Como he señalado repetidamente, el perdón es una posibilidad humana de profundo contenido moral, pero nunca, en los procesos de los cuales hablamos, puede ser considerado una obligación. El perdón solo es genuino y valioso si es que es el resultado de un ejercicio pleno de la libertad incondicionada. Sin embargo, es un obligado tema de reflexión porque, entre varias razones, nos coloca más allá de la política. Consolidar la paz y la democracia serán siempre, en principio, tareas políticas, en el sentido más elevado de ese término, es decir, el de la organización de la convivencia humana en busca del bien compartido. Pero la búsqueda de la verdad, la procura de la reconciliación, la práctica del reconocimiento, la contemplación del perdón como una posibilidad nos invitan a pensar paz, democracia y justicia, asimismo, como ámbitos donde se manifiesta también nuestro fuero interno y donde nos relacionamos con los demás en una dimensión eminentemente moral.

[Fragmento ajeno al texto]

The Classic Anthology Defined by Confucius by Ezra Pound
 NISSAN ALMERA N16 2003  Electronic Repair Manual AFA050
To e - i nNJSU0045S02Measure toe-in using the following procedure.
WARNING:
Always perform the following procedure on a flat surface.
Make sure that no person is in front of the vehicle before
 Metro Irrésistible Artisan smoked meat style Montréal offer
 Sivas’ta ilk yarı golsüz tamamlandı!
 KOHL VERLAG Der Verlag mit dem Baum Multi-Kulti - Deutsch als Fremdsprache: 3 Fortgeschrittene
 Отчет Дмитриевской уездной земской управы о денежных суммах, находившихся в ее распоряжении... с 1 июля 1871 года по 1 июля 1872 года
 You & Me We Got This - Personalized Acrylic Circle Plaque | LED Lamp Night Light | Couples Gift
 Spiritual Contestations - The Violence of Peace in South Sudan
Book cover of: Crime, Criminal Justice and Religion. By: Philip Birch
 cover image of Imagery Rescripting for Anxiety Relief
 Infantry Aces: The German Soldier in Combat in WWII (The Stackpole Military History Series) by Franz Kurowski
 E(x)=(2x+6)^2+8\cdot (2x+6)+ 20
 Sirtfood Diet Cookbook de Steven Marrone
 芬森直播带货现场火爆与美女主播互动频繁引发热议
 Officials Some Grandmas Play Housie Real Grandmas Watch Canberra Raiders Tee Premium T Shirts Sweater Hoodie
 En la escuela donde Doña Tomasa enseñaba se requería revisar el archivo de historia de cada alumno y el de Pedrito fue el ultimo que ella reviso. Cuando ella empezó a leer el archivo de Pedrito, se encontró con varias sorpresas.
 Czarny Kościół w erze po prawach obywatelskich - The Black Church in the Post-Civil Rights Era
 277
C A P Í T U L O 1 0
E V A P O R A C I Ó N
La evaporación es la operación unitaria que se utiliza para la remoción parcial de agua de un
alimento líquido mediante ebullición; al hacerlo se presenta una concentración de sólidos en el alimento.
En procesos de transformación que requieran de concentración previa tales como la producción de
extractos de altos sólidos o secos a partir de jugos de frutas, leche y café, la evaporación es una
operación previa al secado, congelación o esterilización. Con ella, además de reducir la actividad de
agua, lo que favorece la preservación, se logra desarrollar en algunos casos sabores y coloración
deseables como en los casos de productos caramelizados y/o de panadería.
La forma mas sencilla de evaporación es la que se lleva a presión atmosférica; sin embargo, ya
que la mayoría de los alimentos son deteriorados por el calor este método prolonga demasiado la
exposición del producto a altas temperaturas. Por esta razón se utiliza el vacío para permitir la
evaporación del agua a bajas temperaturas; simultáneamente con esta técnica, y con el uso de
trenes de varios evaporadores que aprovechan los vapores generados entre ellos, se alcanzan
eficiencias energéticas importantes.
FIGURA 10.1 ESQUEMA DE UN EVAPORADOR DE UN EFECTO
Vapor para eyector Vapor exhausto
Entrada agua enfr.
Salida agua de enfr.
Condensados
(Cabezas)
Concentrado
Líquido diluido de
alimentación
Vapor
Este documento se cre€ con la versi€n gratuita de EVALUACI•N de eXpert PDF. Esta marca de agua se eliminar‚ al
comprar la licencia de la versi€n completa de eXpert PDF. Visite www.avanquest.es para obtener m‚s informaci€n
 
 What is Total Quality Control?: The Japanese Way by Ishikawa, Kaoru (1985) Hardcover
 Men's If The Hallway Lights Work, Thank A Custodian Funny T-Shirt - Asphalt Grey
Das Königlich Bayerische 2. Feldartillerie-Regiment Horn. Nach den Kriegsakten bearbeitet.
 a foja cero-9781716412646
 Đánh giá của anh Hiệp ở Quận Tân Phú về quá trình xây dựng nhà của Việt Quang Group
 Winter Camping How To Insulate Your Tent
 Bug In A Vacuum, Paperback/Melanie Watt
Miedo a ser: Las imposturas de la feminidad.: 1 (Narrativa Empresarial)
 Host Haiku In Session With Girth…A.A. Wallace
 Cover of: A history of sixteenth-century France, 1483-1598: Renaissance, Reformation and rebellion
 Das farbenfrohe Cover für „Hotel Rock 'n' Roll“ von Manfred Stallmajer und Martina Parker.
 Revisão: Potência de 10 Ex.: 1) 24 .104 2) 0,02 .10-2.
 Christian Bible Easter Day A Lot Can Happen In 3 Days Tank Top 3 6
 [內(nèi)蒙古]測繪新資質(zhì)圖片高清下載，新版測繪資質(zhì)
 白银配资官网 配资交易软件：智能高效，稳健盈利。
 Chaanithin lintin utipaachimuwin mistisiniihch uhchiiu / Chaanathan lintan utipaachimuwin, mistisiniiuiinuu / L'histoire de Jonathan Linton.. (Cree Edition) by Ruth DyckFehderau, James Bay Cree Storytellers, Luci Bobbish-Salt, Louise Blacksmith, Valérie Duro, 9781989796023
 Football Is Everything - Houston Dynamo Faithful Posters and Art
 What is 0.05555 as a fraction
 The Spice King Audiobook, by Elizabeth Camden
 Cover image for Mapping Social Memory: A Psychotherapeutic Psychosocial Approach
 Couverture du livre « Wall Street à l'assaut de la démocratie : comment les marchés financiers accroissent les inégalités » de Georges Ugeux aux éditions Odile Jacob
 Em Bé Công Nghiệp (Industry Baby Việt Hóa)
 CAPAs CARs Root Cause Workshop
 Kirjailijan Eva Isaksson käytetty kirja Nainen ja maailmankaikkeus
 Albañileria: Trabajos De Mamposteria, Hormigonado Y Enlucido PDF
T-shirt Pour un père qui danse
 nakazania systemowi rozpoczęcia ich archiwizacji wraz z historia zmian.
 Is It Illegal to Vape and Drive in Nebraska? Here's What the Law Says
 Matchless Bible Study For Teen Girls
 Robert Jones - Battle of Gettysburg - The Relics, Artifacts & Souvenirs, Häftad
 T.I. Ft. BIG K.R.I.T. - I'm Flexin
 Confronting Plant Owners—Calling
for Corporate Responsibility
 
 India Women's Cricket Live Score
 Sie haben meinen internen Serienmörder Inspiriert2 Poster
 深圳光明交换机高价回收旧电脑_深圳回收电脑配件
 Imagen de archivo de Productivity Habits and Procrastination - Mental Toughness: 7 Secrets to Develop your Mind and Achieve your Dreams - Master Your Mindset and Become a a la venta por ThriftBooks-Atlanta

Y ello no significará un rechazo de la política, pero sí el colocar a la política ante un horizonte de expectativas mayor, más exigente y con una más clara vocación de absoluto y de trascendencia: un horizonte donde el ciudadano es visto también como prójimo, es decir, como un igual, no porque las leyes lo digan, sino porque su humanidad es un reflejo y un complemento de nuestra propia humanidad.